Ryan Reynolds and Rob McElhenney are not your prototypical football club owners. McElhenney — best known for his portrayal of Mac on the long-running FX series “It’s Always Sunny in Philadelphia,” which he co-created — openly admits that until recently he knew little to nothing about the sport. Reynolds, star of the “Deadpool” film franchise and the entrepreneur behind Aviation gin and Mint Mobile, didn’t know much more.

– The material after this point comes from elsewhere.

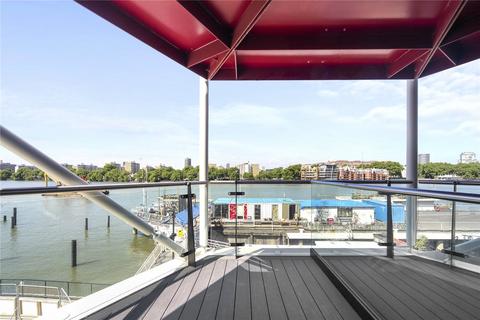 3 bedroom apartment for sale, Riverlight Quay London SW8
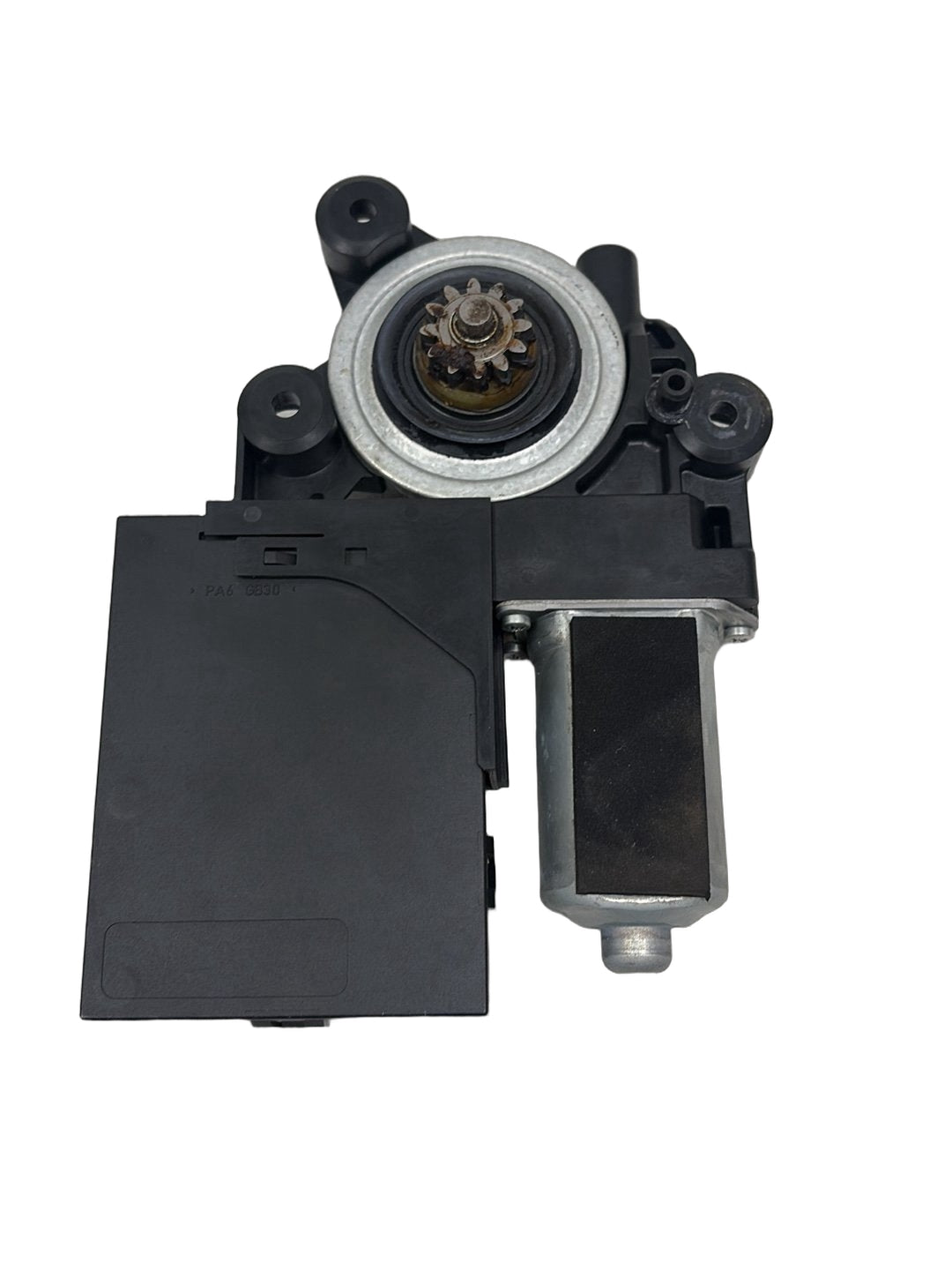 2007-2012 Volvo C30 Right Front Window Regulator Motor 30798104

Yet the pair made headlines last year when they bought Welsh side Wrexham AFC £2 million, control one of the oldest continuously operating football clubs in the world. Wrexham’s quest to earn promotion after spending 15 years in the National League – the fifth tier of the English football league system – is the subject of a new documentary series produced by Reynolds and McElhenney, “Welcome to Wrexham.“
While the series does focus on Wrexham’s exploits on the pitch, it feels more like an exploration of the town of Wrexham itself, and an ode to the place’s undying love for their football club. “Welcome to Wrexham” premieres on Disney+, Hulu and FX on August 24.
Reynolds and McElhenney joined with The Athletics to talk about the series and their ownership of Wrexham. Questions and answers have been lightly edited for clarity.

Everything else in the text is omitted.